If you use Pear Deck or Pear Assessment or Pear Tutor, you have got to try Pear Practice (formerly Giant Steps)! With Pear Practice you can take any quiz and turn it into an exciting game. Unlike Kahoot, Quizizz, Gimkit, Blooket, and other quiz-like games Pear Practice does its gaming differently. It begins by assigning students to teams randomly once they sign and before you start playing. Students in teams work together to answer questions from quizzes you create yourself or quizzes you play from the ready-made quizzes made by other teachers. I wish teachers could upgrade to premium on their own, like some of us already do with services we want for our students that our school or district does not provide, but Pear Practice is only available as a school site license.
Here is a question this team worked on from a ratios quiz that I found and ran without creating anything myself:
Here is the teacher display that I have on my main screen for all to see with the seven teams shown on the left side of the screen by animal. Teams get to choose their animal and animal adjective before the game starts. Kids love doing that!
Practice sets that teachers create or find and copy are stored in their library and can be used anytime or assigned for practice on Google Classroom.
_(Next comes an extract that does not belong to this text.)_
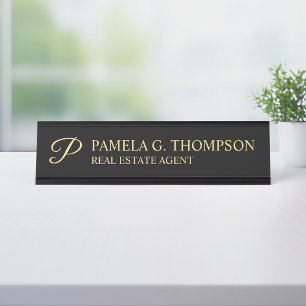 Elegant Script Monogram Black and Gold Desk Name Plate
What Sets Pear Practice Apart!
Besides putting students into random teams and having students work together, Pear Practice offers gamified incentives that gamers enjoy such as earning XP for completing quizzes and acquiring items for leveling up! Here’s a student screen view:
Once students complete an in-class, live quiz that quiz is part of their classes and can be played on their own for more practice and more XP! Teachers can also assign quizzes to played on their own and not just the live in-class games.
Pear Practice also encourages students to practice their previously taken quizzes by including a Season Map that students can go through to gain even more items as they gain XP and level up!
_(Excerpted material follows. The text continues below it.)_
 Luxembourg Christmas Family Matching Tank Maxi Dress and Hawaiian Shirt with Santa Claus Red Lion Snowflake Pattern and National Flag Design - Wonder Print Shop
Students can earn additional items to customize their avatars to make them truly unique and exciting.
During live games students earn points by getting questions right with more points being earned for all members getting questions right. After each question teams get to place tokens, earned for getting questions right, on a board. After every three questions students get to spin a wheel and if the wheel lands on a square with team tokens teams can earn bonus points! This provides an element of chance and can provide points to teams who are not scoring well on their own. Earning points, even if only by chance, allows low scoring teams to either save face or will motivate them to stay in the game and work at getting correct answers.
Here’s a video I recorded to show what a typical game looks like and how much students enjoy it. I try to play a Pear Practice on Fridays and use the points students earn or their percentages to give class XP for our Star Trek campaign game.
Quiz games like this are an absolute hit with kids. They go crazy! Pear Practice is one of their favorites and I appreciate how different Pear Practice is from the other Kahoot-like games out there.
What quiz games are you all using with your students? How do they respond?